Inspired by Goldman’s work at the University of Wyoming’s American Heritage Center, we, at the University of Toronto Libraries, narrowed the lens further by focusing on specific collections, sometimes down to the file-by-file level. We completed the inventories, retrieved the files from at-risk media, and we needed to decide how to conserve them. When looking at the whole picture—disparate file types, massive aggregate sizes, sensitive personal information, competing priorities, and limited staff time—the task appeared overwhelming. However, by tackling it one collection at a time, the work grew manageable, decisions became contextual, and care became more focused. Born-digital collections aren’t monolithic and shouldn’t be treated as such. Conservation strategies might vary based on factors such as age, donor, formats, risk, and resource availability, but the crucial thing is to start. This article, echoing Goldman’s sentiment, aims to offer practical recommendations using the University of Toronto Libraries as a case study.

Past The Fence: Navigating Greener Terrain

Goldman commented on the state of the field in 2011, noting that, despite many institutions collecting digital manuscripts, most could not estimate their size or lacked corresponding policies for working with digital materials.2 Probable reasons included staffing shortages, lack of expertise, funding constraints, or a reluctance within the profession to, “consider any form of digital preservation as true preservation.”3

The subsequent decade saw a surge of collection-holders beginning this work, while also documenting their workflows and processes.4 In 2014, version 1.0 of the BitCurator environment was released. BitCurator provided a set of open-source digital forensics and data analysis tools and aimed to support the work of transferring digital content from media and documenting that process by providing functionalities for disk imaging, metadata extraction, and analysis and focusing specifically on serving libraries, archives, and museums.5 While not the only new tool in town, BitCurator’s launch and educational efforts triggered a wave of collaboration, as institutions began inventorying their digital media backlogs, managing new acquisitions, and sharing their techniques. In addition to BitCurator, other important developments in the field include was the establishment of Library of Congress’ National Digital Stewardship Alliance (NDSA) in 2010 through an initiative of the no longer active National Digital Information Infrastructure and Preservation Program (NDIIPP). Today, NDSA works with a range of organizations to make contributions to the field, including workflow development, peer support, and guidance materials.6

New ways of working brought new challenges.

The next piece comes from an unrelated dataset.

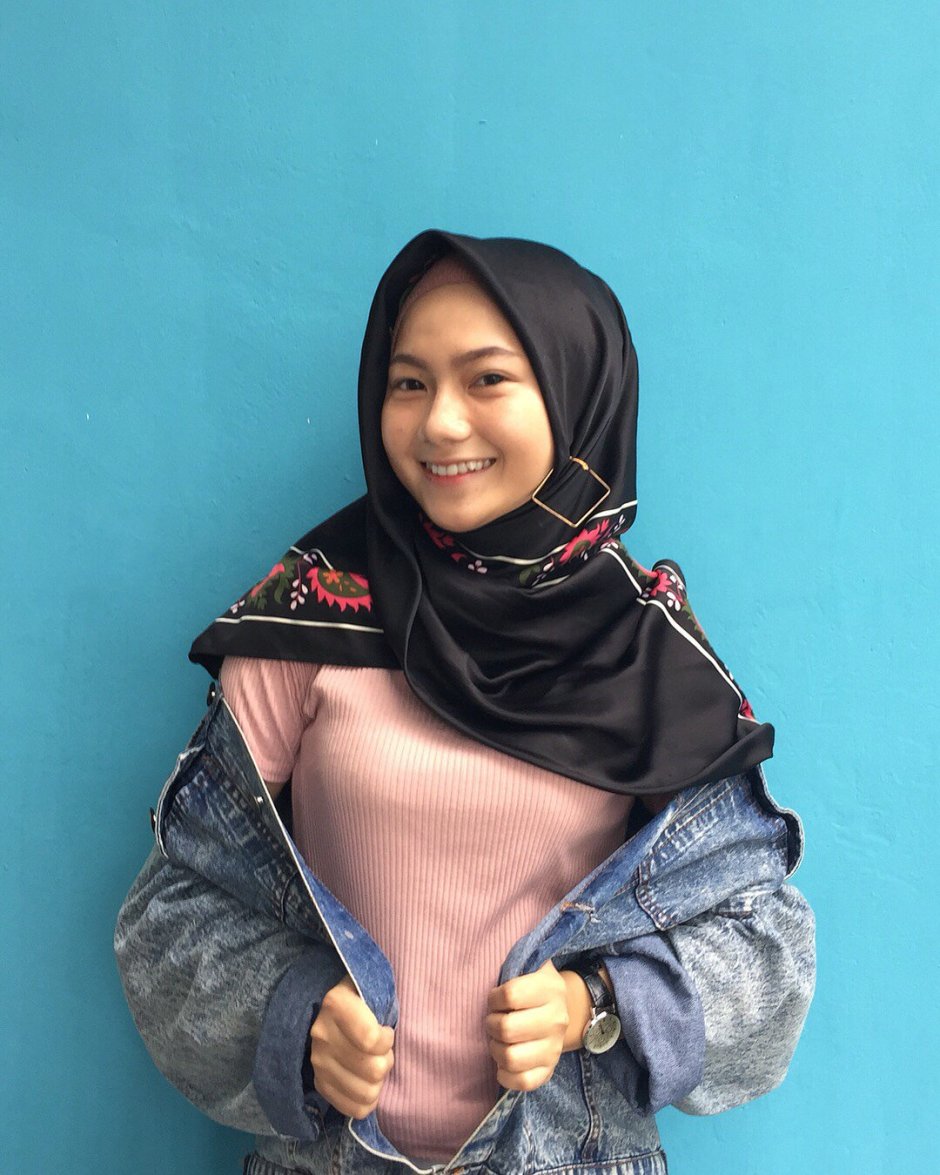 Latest Hits Indo Jilbab Tante Menjelajahi Kedalaman Tanpa Jeda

A 2020 post detailing the OCLC’s efforts to gauge time requirements for processing born-digital collections revealed that, while many institutions now had dedicated staff for these collections, challenges persisted. These challenges included revising workflows, and figuring out how to navigate “the cognitive shift required to move back-and-forth between the granular file-level analysis . . . and the aggregate-level thinking required for the archival sensemaking work.”7 Non-homogeneous collections, especially those from private donors, often proved more complex, requiring a deeper dive due to their diverse file formats and content types. The appraisal of born-digital records also necessitated a different mindset about privacy. While digital formats could offer broader access and analysis capabilities, they also posed challenges for maintaining the sort of “privacy through obscurity” a traditional reading room might ensure.8

Dealing with private and sensitive data in digital collections isn’t easy. Many of these challenges come from the size and nature of digital collections themselves. In 2013, Goldman and Pyatt highlighted how archivists grappled with these issues in their article, “Security Without Obscurity: Managing Personally Identifiable Information in Born-Digital Archives.”9 In one example, staff with the STOP AIDS Project records team at Stanford University used digital forensic tools and keyword searches to pinpoint private and sensitive details, but remained uncertain about their findings, inundated with false positives, and lacking confidence in the adequacy of their efforts.10 Digital collections are also typically larger than paper ones, making sensitive information harder to spot.11 Sensitive information can pop up in unexpected areas of digital storage, like log files, system files, or even in supposedly deleted files still retrievable through forensic means. The people who donate or create these digital collections may not be aware of these hidden traces.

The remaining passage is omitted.